YOUR OBJECTIVE
Restate word for word the lines below, from the one containing "Blac Chyna in" through the final line, with no pictures included.

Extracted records
════════════════

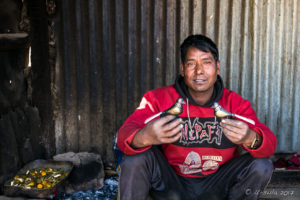Man with birds made from bone in a rough shed, Namobuddha to Dhulikhel, Kathmandu Valley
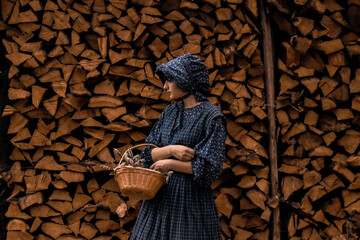 A pioneer woman in a dark blue dress and bonnet standing with a basket of flowers against a wood...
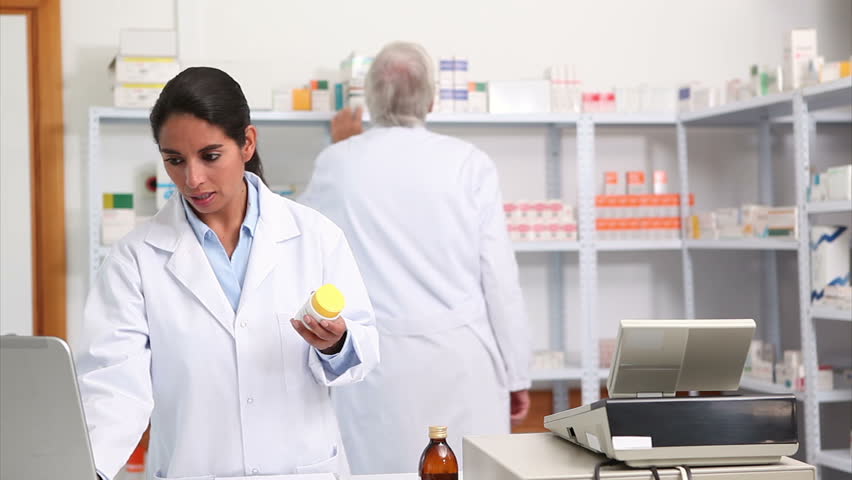 Female pharmacist holding a drug box while smiling in hospital ward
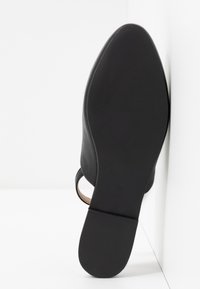 Semelle de chaussure noire vue de face avec la taille 37 embossée, une semelle minimaliste et un talon bas, sur un fond blanc en coin.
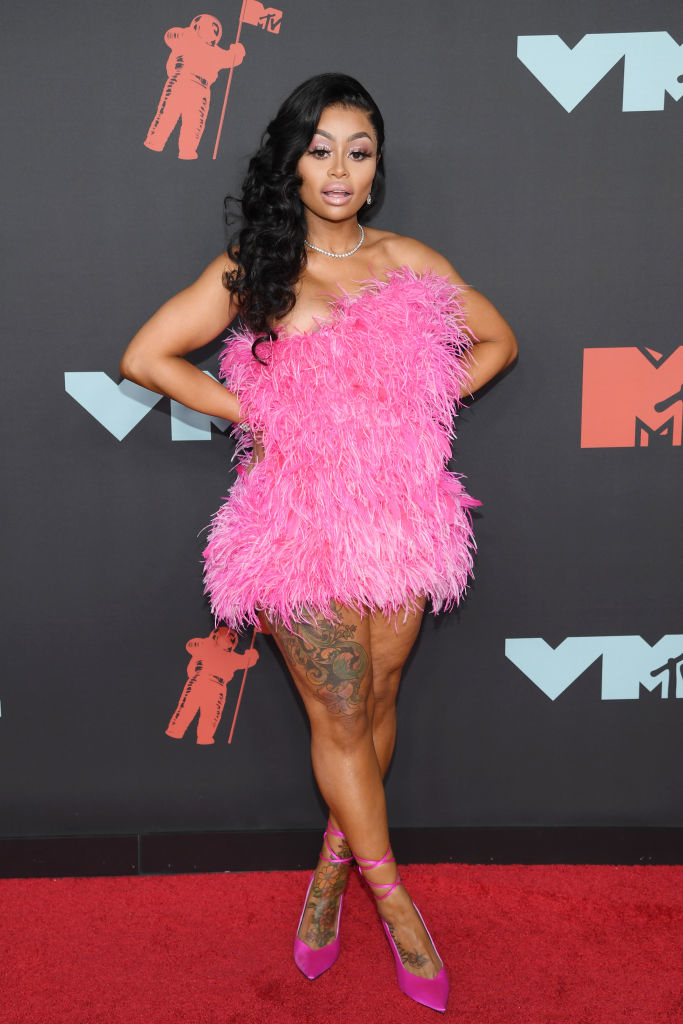 Blac Chyna in a mini feather dress on the red carpet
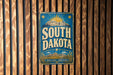A vintage metal sign with the text "SOUTH DAKOTA" and a sun graphic, mounted on a wooden wall.
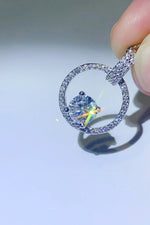 Close-up of a diamond ring held by a hand on a light gray background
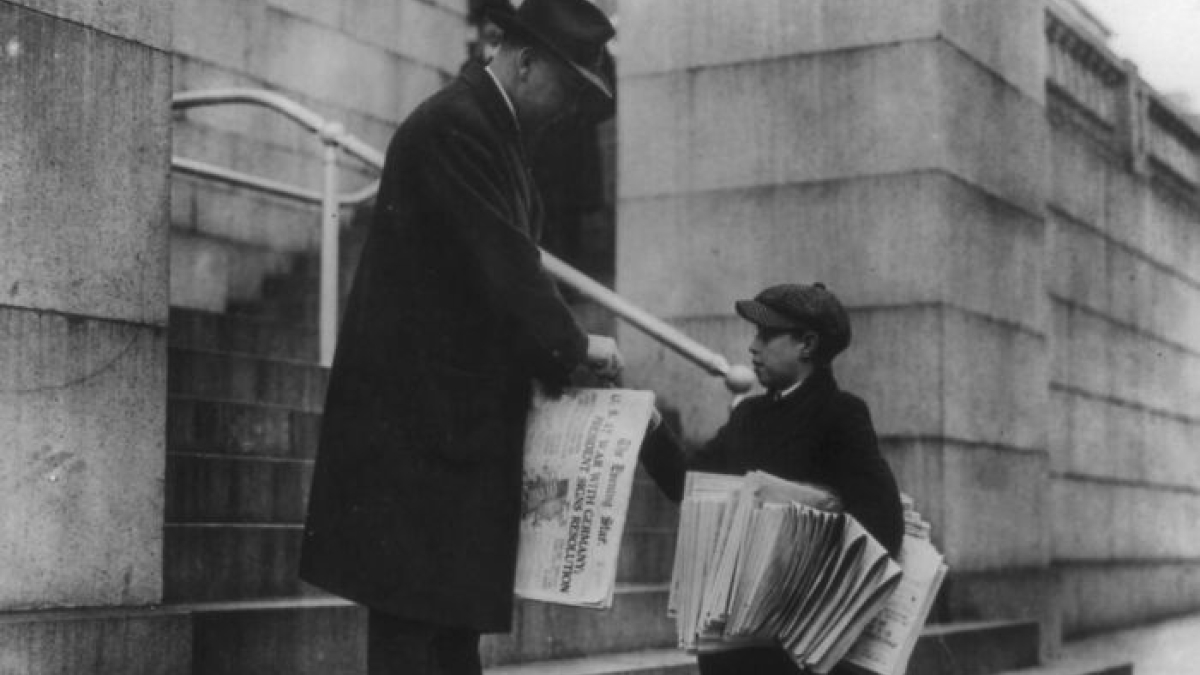 Boy selling newspapers on street to a man wearing a hat, illustrating daily life beyond the WWI trenches.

════════════════

TASK OUTPUT
 Blac Chyna in a mini feather dress on the red carpet
A vintage metal sign with the text "SOUTH DAKOTA" and a sun graphic, mounted on a wooden wall.
 Close-up of a diamond ring held by a hand on a light gray background
 Boy selling newspapers on street to a man wearing a hat, illustrating daily life beyond the WWI trenches.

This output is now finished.